Brief: Using the records that follow, reproduce exactly the lines starting at the line containing "Factory Price - مشبك" and ending at the line containing "Inkay 75/146 XY". Include both end lines and no pictures.

Extracted material:
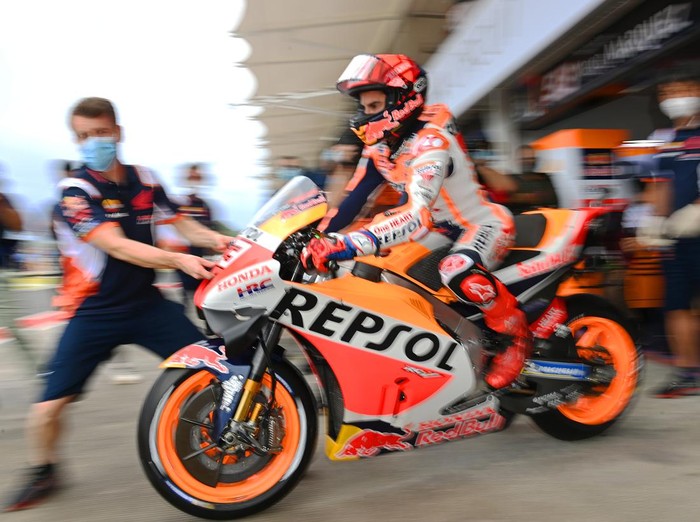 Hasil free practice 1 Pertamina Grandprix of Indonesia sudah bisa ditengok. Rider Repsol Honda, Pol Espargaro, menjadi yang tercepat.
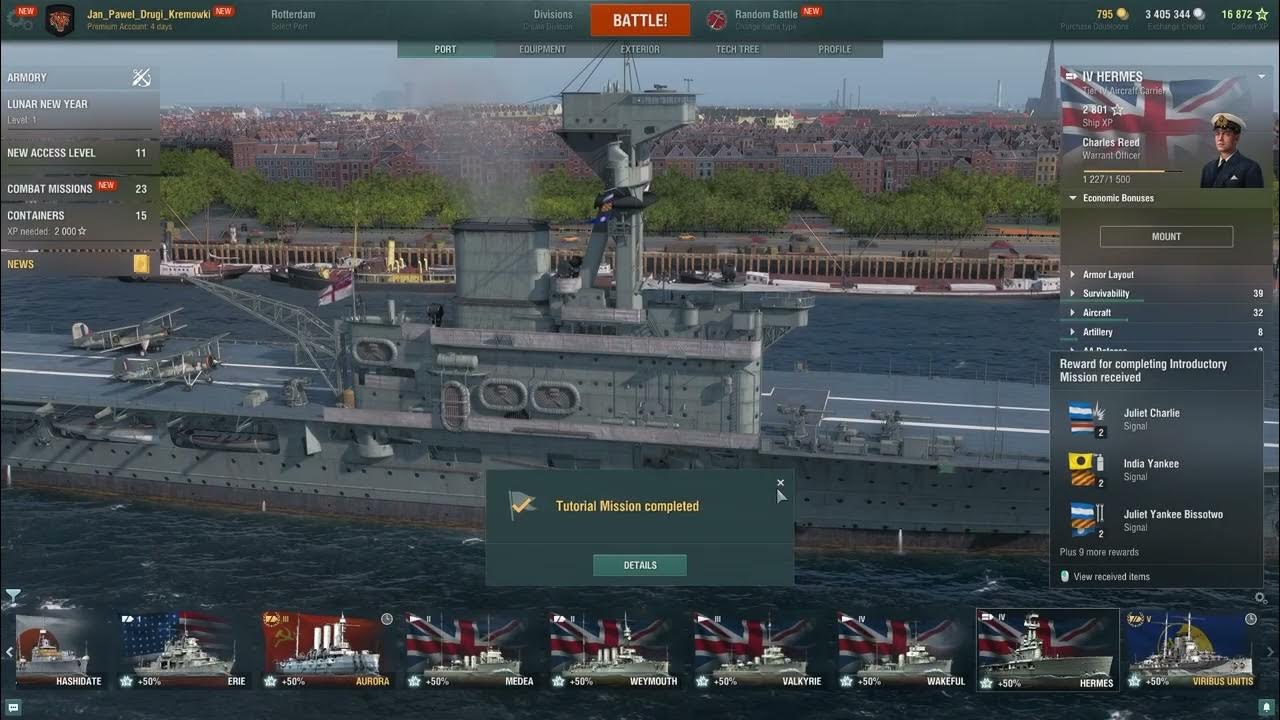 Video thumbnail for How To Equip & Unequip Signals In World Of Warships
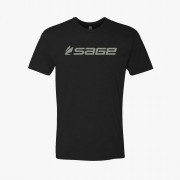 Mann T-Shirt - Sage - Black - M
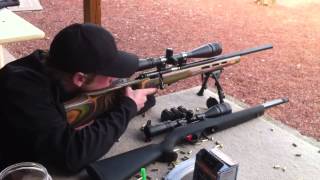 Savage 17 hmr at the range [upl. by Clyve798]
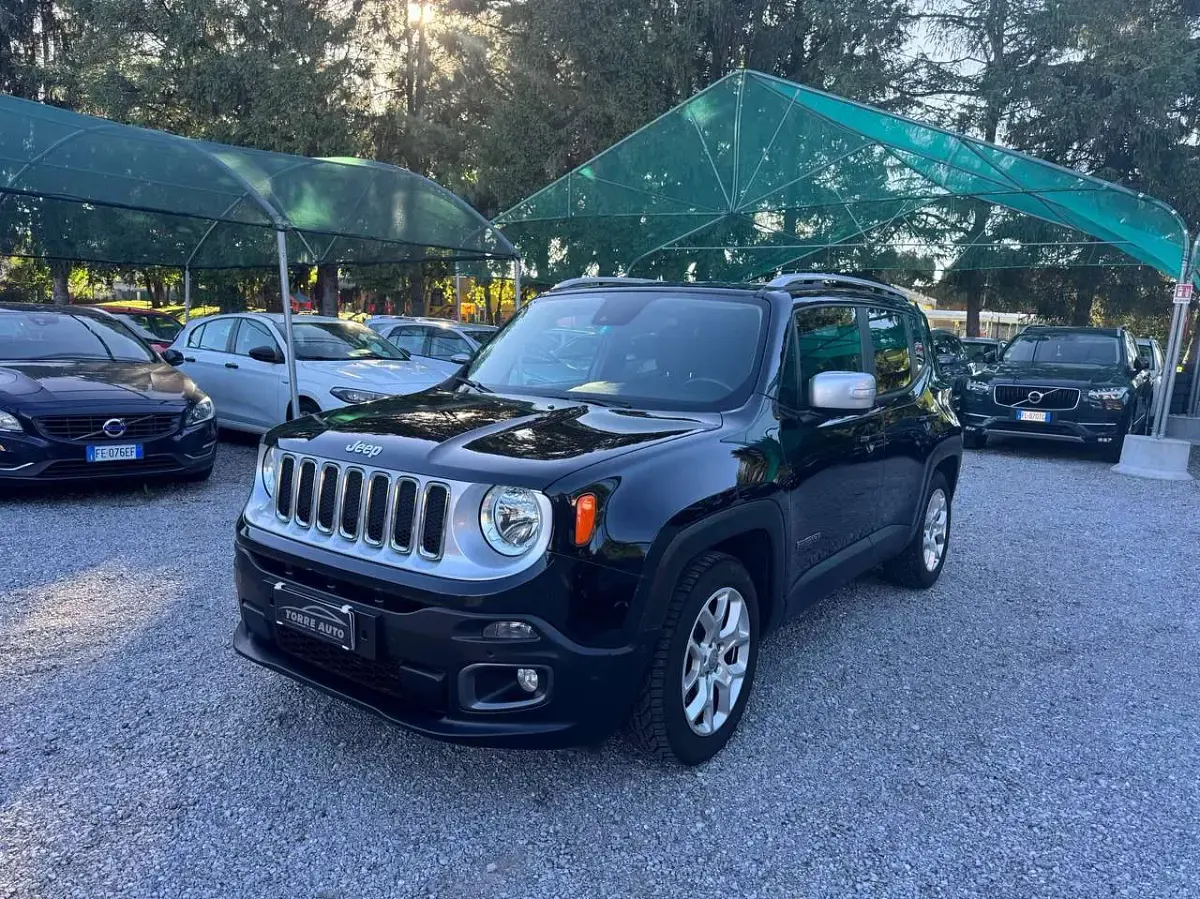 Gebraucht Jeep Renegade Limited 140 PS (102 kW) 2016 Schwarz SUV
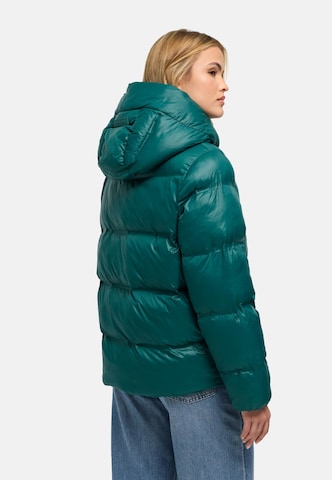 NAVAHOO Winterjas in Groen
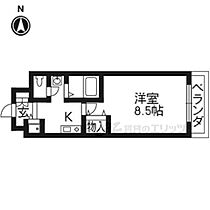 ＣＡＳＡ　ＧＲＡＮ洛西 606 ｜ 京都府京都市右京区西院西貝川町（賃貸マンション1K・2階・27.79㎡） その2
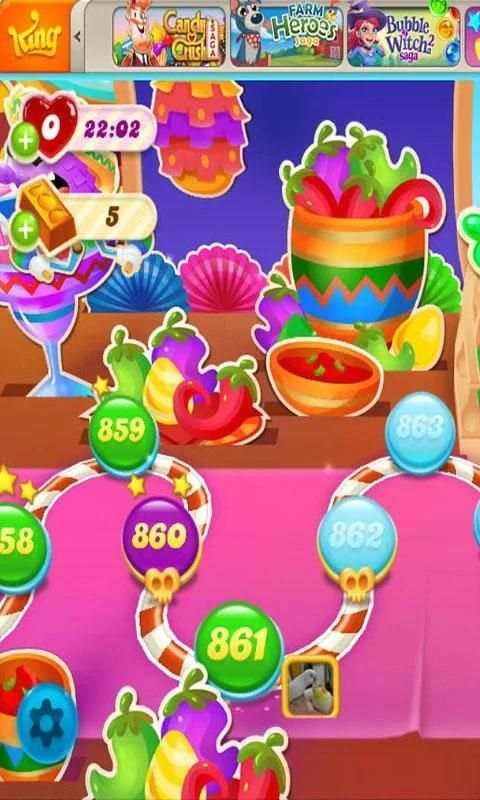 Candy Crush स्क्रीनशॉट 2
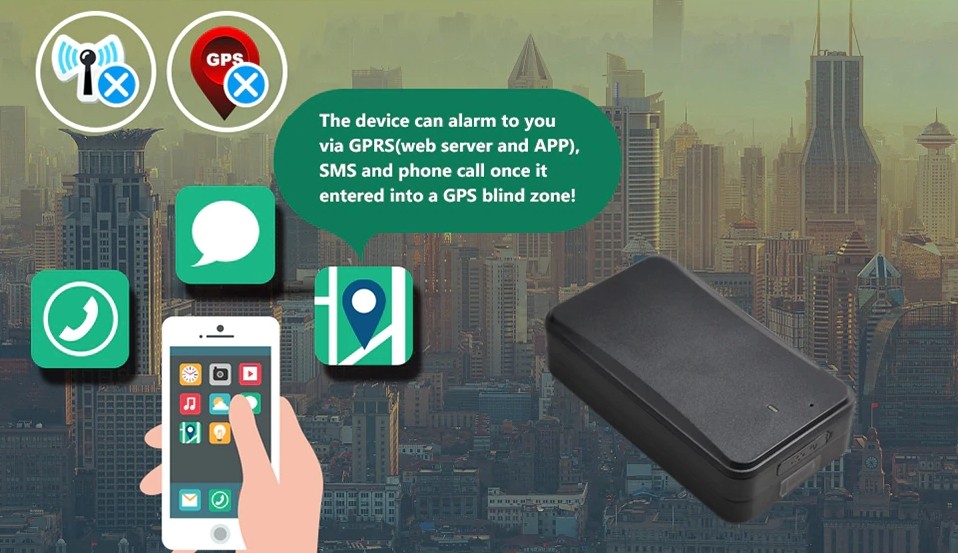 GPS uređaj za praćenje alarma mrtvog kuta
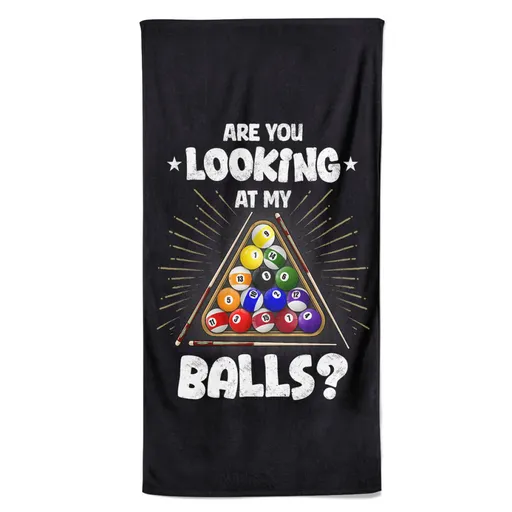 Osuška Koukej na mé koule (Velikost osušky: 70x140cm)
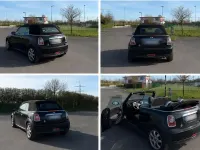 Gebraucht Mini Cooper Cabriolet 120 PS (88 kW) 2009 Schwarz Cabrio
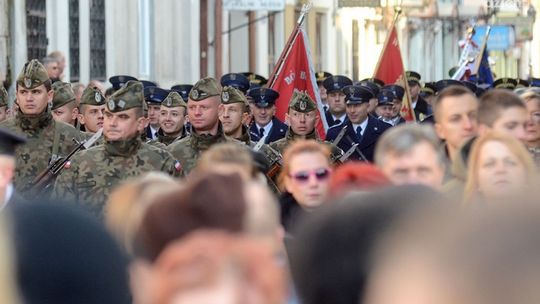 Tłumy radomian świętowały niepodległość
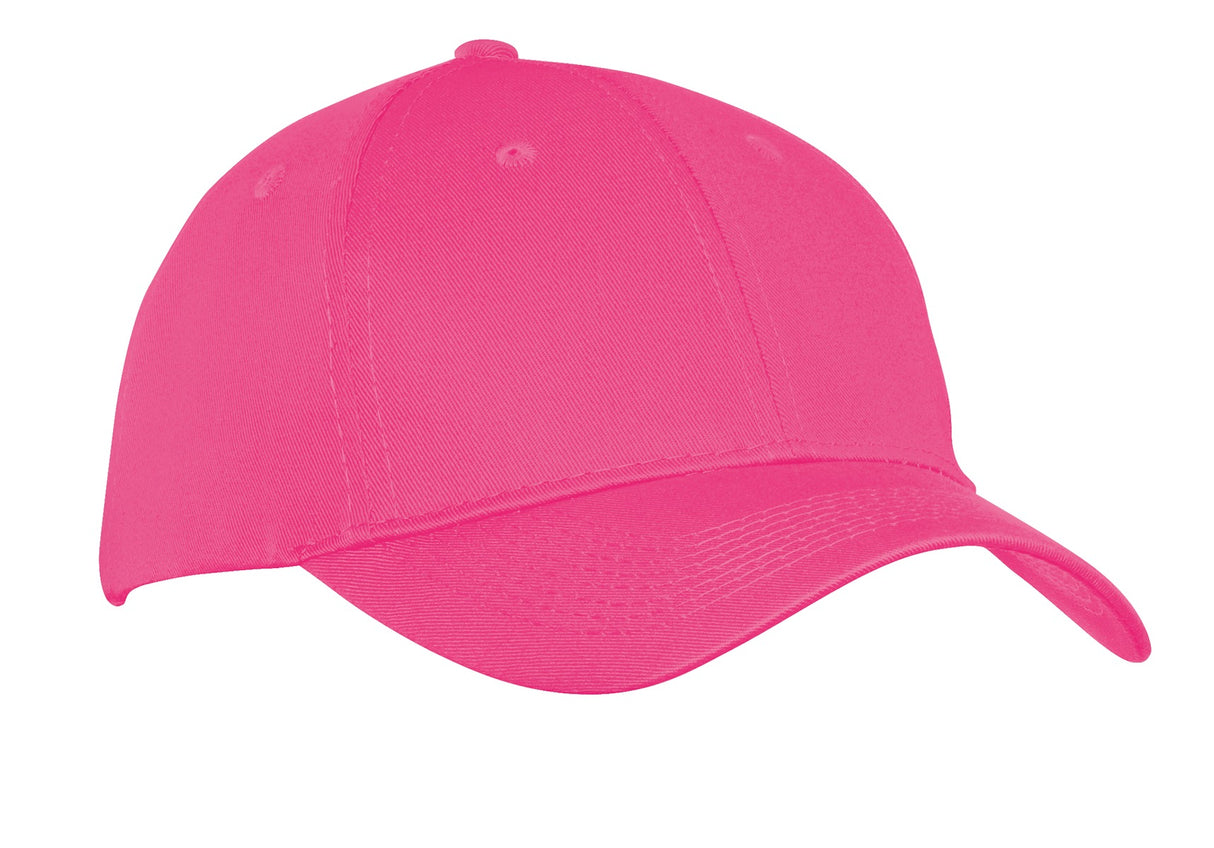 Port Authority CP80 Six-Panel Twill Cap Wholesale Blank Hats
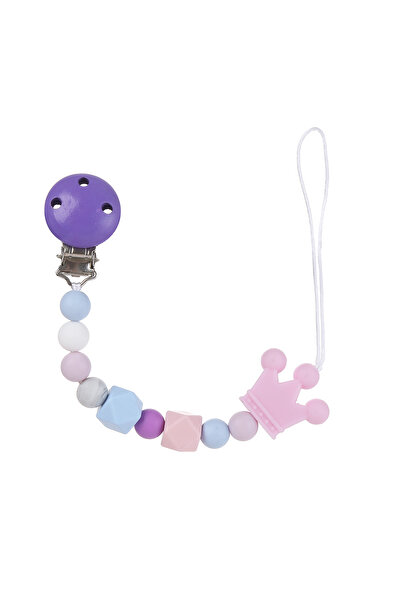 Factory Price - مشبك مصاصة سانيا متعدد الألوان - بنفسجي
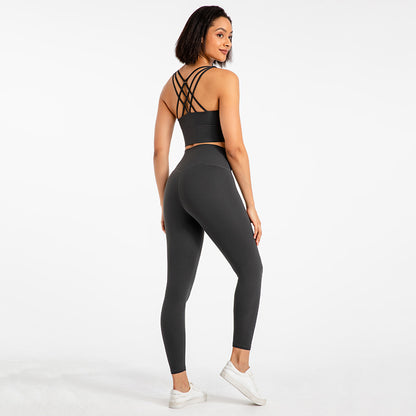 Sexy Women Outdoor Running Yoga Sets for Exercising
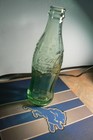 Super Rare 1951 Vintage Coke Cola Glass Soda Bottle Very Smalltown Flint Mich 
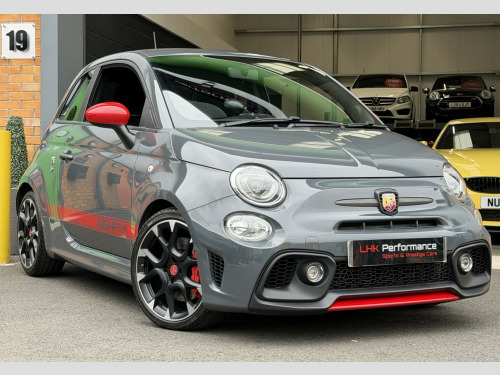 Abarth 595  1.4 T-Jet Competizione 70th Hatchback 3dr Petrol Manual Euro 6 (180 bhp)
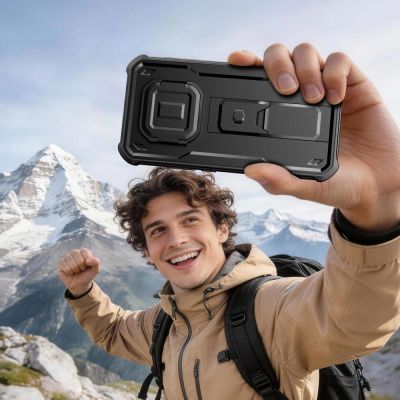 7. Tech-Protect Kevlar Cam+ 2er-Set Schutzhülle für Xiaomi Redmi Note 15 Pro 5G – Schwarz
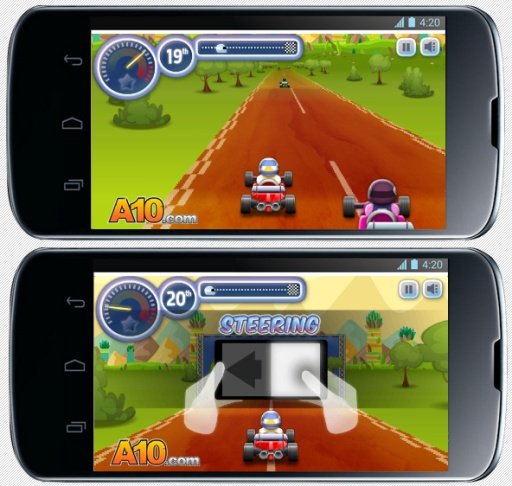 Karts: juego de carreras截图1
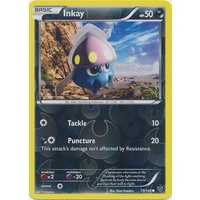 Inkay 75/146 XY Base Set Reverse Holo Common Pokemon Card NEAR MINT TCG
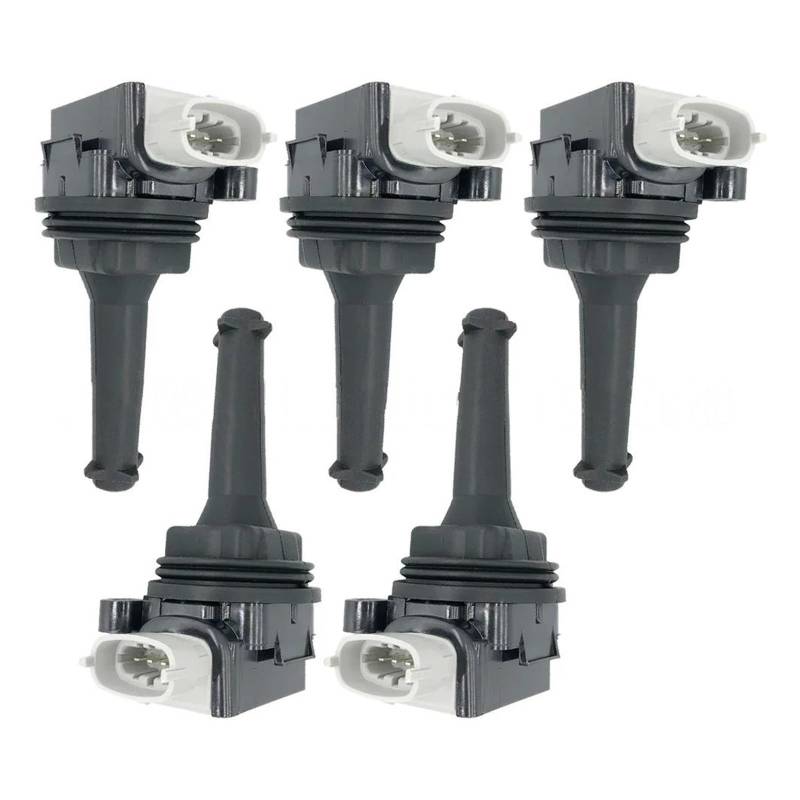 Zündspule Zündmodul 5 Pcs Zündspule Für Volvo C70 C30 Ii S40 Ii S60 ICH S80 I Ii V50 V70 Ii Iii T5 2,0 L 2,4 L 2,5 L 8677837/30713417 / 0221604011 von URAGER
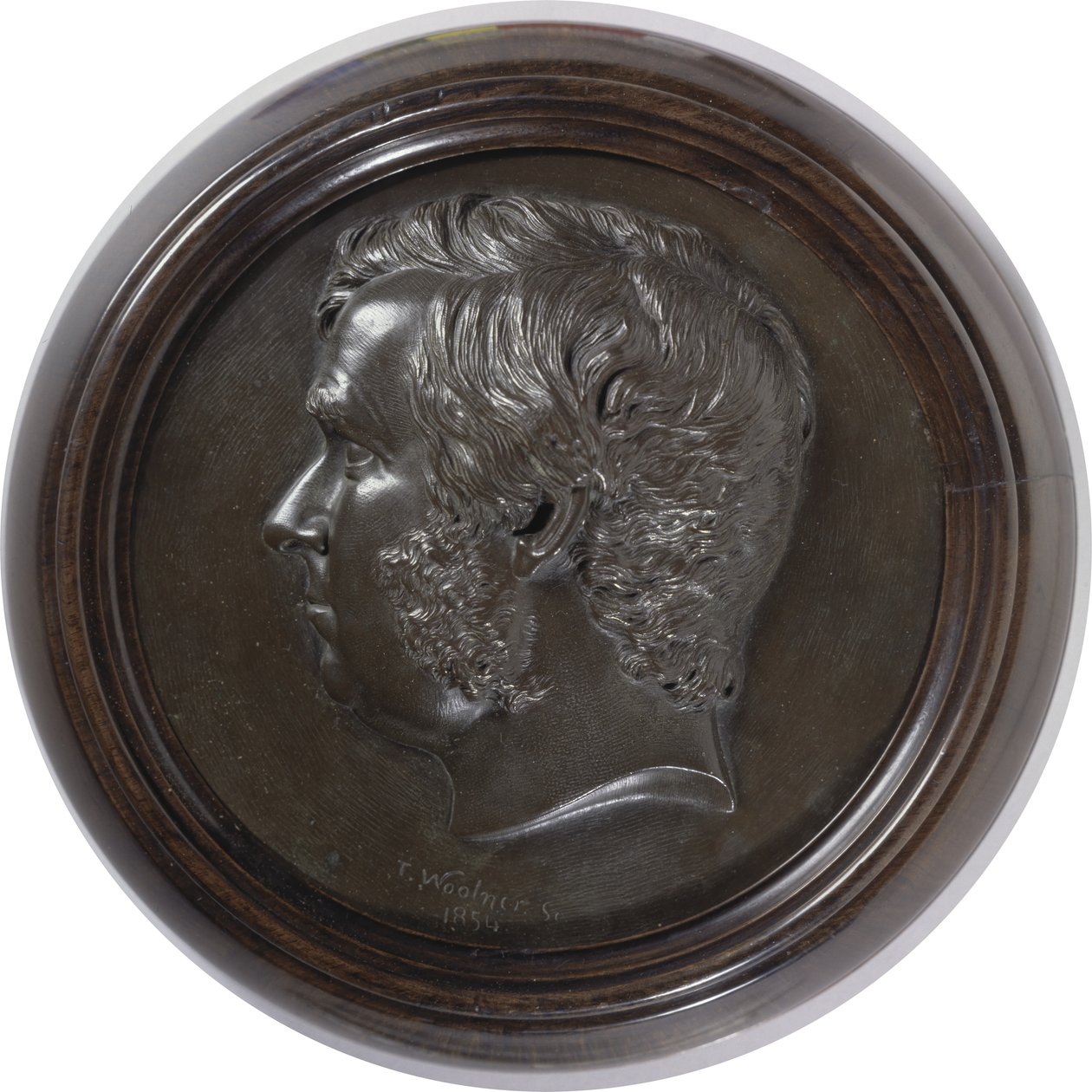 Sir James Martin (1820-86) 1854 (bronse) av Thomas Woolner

Solution below:
 Factory Price - مشبك مصاصة سانيا متعدد الألوان - بنفسجي
 Sexy Women Outdoor Running Yoga Sets for Exercising
 Super Rare 1951 Vintage Coke Cola Glass Soda Bottle Very Smalltown Flint Mich 
 Abarth 595  1.4 T-Jet Competizione 70th Hatchback 3dr Petrol Manual Euro 6 (180 bhp)
 7. Tech-Protect Kevlar Cam+ 2er-Set Schutzhülle für Xiaomi Redmi Note 15 Pro 5G – Schwarz
 Karts: juego de carreras截图1
 Inkay 75/146 XY Base Set Reverse Holo Common Pokemon Card NEAR MINT TCG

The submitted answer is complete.